Conventional is a term often used to describe various grinding processes. Ranking high in this particular status is the very conventional outer dimension or OD grinding. This form of material reduction focuses on the surface. It is extremely popular when the demand is for precise work.
Outer Dimension Grinding: Operational Process
OD grinders operate similarly to many turning centers. In both types, the cutting/removal of metal involves two axes. These are:
- Axis X
- Axis Z
OD grinders operate according to the basics of all grinding tools. He or she– sometimes using CNC technology, brings the abrasive agent – the rotating wheel, into controlled contact with the surface of the workpiece. A binder contains the abrasive grains that comprise the wheel. These perform as accurately as a cutting tool. They swiftly and accurately remove small – even microscopic chips from the surface of the workpiece. The wheel may feature a built-in geometric profile. Following either dressing or truing, it then can impart the specific profile to the surface of the workpiece.

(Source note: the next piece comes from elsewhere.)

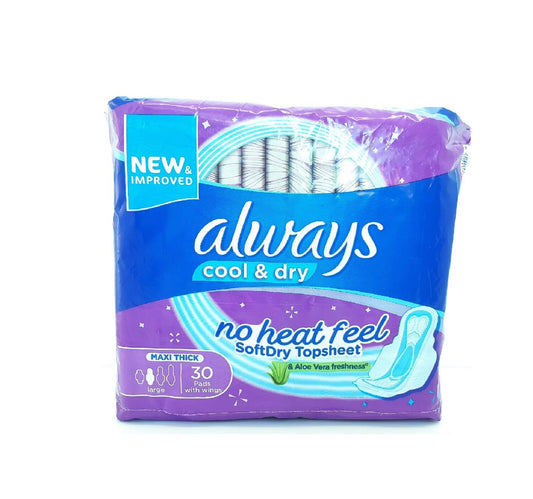 فوط صحية كبيرة سميكة ماكسي كول آند دراي من أولويز بأجنحة، 30 قطعة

How to Produce Efficient OD Grinding
When considering the best machine or method to produce efficient outer dimension grinding, grinders have to look at various aspects. These include the following:
- Abrasive Components: These must be harder than the surface of the workpiece undergoing grinding
- Abrasive Wheels: They must be resistant to both shock and abrasive
- Controlled Fracturing: All abrasive involved in the process of grinding must be friable
These should influence everything from choice of equipment to technique.
When it comes to certain types of work, the only choice is grinding. While hard turning may suffice for some instances, it cannot replace the finishes and results of many types of grinding. ID grinding addresses the interior of a workpiece. However, when it comes to removing all extraneous material from the exterior surface, the optimal choice is OD grinding.